Re: [PATCH 1/2] block: Add support for atomic writes

[Date Prev][Date Next][Thread Prev][Thread Next][Date Index][Thread Index]

 



Quoting Jeff Moyer (2013-11-05 12:43:31)
> Chris Mason <chris.mason@xxxxxxxxxxxx> writes:
> 
> > This allows filesystems and O_DIRECT to send down a list of bios
> > flagged for atomic completion.  If the hardware supports atomic
> > IO, it is given the whole list in a single make_request_fn
> > call.
> >
> > In order to limit corner cases, there are a few restrictions in the
> > current code:
> >
> > * Every bio in the list must be for the same queue
> >
> > * Every bio must be a simple write.  No trims or reads may be mixed in
> >
> > A new blk_queue_set_atomic_write() sets the number of atomic segments a
> > given driver can accept.
> >
> > Any number greater than one is allowed, but the driver is expected to
> > do final checks on the bio list to make sure a given list fits inside
> > its atomic capabilities.
> 
> Hi, Chris,
> 
> This is great stuff.  I have a couple of high level questions that I'm
> hoping you can answer, given that you're closer to the hardware than
> most.  What constraints can we expect hardware to impose on atomic
> writes in terms of size and, um, contiguousness (is that a word)?  How
> do we communicate those constraints to the application?  (I'm not
> convinced a sysfs file is adequate.)
> 
> For example, looking at NVMe, it appears that devices may guarantee that
> a set of /sequential/ logical blocks may be completed atomically, but I
> don't see a provision for disjoint regions.  That spec also
> differentiates between power fail write atomicity and "normal" write
> atomicity.

Unfortunately, it's hard to say.  I think the fusionio cards are the
only shipping devices that support this, but I've definitely heard that
others plan to support it as well.  mariadb/percona already support the
atomics via fusionio specific ioctls, and turning that into a real
O_ATOMIC is a priority so other hardware can just hop on the train.

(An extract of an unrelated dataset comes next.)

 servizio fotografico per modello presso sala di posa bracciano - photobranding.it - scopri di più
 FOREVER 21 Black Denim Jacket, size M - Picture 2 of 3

This feature in general is pretty natural for the log structured squirrels
they stuff inside flash, so I'd expect everyone to support it.  Matthew,
how do you feel about all of this?

With the fusionio drivers, we've recently increased the max atomic size.
It's basically 1MB, disjoint or contig doesn't matter.  We're powercut
safe at 1MB.

> 
> Basically, I'd like to avoid requiring a trial and error programming
> model to determine what an application can expect to work (like we have
> with O_DIRECT right now).

I'm really interested in ideas on how to provide that.  But, with dm,
md, and a healthy assortment of flash vendors, I don't know how...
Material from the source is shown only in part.